Patient motion causes severe degradation of the MRI signals; therefore, general anes­thesia is required.14 All equipment brought inside the MRI room should be approved MRI-compliant equipment because metal objects attracted to the strong magnetic field may cause injury to the patient.15 Generation of a complete MRI study takes longer than the equivalent CT examination because several different sequences are produced to highlight tissues of different characteristics.
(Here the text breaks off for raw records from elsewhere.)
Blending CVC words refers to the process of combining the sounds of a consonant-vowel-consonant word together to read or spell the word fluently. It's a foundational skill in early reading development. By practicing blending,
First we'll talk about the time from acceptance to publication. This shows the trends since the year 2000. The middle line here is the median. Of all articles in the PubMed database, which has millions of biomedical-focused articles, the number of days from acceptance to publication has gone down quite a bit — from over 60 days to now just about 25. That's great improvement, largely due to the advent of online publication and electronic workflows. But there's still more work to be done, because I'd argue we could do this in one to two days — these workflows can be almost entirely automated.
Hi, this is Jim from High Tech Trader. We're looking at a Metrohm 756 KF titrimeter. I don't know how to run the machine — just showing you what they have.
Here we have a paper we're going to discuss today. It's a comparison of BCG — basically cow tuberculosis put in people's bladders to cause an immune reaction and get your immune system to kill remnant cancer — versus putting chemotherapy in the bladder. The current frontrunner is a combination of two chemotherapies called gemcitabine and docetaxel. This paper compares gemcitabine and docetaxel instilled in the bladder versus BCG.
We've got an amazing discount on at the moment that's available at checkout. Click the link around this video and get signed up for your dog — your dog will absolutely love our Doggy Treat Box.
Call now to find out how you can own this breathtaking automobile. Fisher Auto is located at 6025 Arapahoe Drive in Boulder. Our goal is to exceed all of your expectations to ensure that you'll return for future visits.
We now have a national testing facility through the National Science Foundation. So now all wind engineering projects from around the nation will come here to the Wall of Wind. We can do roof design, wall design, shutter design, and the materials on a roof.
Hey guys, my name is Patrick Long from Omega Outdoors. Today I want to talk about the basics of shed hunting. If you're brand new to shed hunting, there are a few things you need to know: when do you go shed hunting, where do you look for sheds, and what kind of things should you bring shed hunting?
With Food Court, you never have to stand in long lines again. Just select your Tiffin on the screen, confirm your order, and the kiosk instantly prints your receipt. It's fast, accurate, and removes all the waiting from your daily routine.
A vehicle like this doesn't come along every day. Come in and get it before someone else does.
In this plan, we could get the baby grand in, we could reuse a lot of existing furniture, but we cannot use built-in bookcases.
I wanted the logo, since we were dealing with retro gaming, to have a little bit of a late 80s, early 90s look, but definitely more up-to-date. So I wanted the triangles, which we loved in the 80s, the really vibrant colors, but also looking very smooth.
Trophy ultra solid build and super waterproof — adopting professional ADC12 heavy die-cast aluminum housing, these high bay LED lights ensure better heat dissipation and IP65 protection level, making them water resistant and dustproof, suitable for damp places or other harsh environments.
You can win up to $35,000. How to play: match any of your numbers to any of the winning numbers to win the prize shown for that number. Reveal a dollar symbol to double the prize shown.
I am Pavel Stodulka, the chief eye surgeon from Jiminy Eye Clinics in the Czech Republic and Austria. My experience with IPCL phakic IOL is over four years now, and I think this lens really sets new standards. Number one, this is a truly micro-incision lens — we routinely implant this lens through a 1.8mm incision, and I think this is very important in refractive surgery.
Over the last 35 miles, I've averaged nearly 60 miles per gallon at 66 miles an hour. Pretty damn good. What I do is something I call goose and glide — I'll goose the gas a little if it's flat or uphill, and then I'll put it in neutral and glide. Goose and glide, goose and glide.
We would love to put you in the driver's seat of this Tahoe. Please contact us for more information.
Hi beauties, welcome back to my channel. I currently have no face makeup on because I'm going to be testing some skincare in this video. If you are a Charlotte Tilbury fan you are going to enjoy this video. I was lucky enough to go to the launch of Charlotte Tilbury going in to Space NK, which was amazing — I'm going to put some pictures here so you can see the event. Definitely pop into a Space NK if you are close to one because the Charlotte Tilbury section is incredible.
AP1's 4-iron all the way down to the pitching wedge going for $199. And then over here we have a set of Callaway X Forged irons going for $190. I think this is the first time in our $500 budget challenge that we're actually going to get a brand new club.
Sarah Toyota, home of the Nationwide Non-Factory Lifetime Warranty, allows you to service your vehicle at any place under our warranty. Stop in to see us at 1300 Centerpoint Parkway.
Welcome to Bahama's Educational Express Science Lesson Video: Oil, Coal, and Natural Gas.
A typical examination may last between 60 to 90 minutes, depending on the number of sequences and the number of planes generated. Transverse sequences known as T1-weighted spin-echo, T2-weighted spin-echo, fluid-attenuation inversion recovery (FLAIR), and fluid­attenuation spoiled gradient echo (FLASH) can be performed for the examination of the middle ear. Additionally, T1-weighted sequences after injection of contrast mate­rial in transverse, sagittal, and dorsal planes are also generated. The contrast material used is gadopentetate dimeglumine, a paramagnetic agent that appears hyperintense (white) on the T1-weighted sequence. Obtaining 5-mm transverse slices, as commonly performed for the brain, may obscure the fine structures of the membranous labyrinth due to partial volume averaging with surrounding bone.7 Thin slices of 1 to 2 mm thickness, generated by volume acquisition protocols, have been used to detect the intralabyrinthine fluid.16

On T1- and T2-weighted images the air and walls of the bullae and the petrosal portion of the temporal bone are represented as black areas (signal void) and cannot be evaluated17 (see Figure 4-20, A). The intralabyrinthine fluid is isointense tissue (to brain) on the T1-weighted sequence and hyperintense on the T2-weighted sequence (see Figure 4-20, B). The signal resembles the lateral silhouette of a duct18 and repre­sents the fluid (endolymph) associated with the semicircular canals and cochlea. The appearance of the fluid has not been studied with the FLASH and FLAIR protocols. This author has noted a hyperintense (white) signal on the FLASH sequence and speculates that a low-intensity signal exists on the FLAIR protocol.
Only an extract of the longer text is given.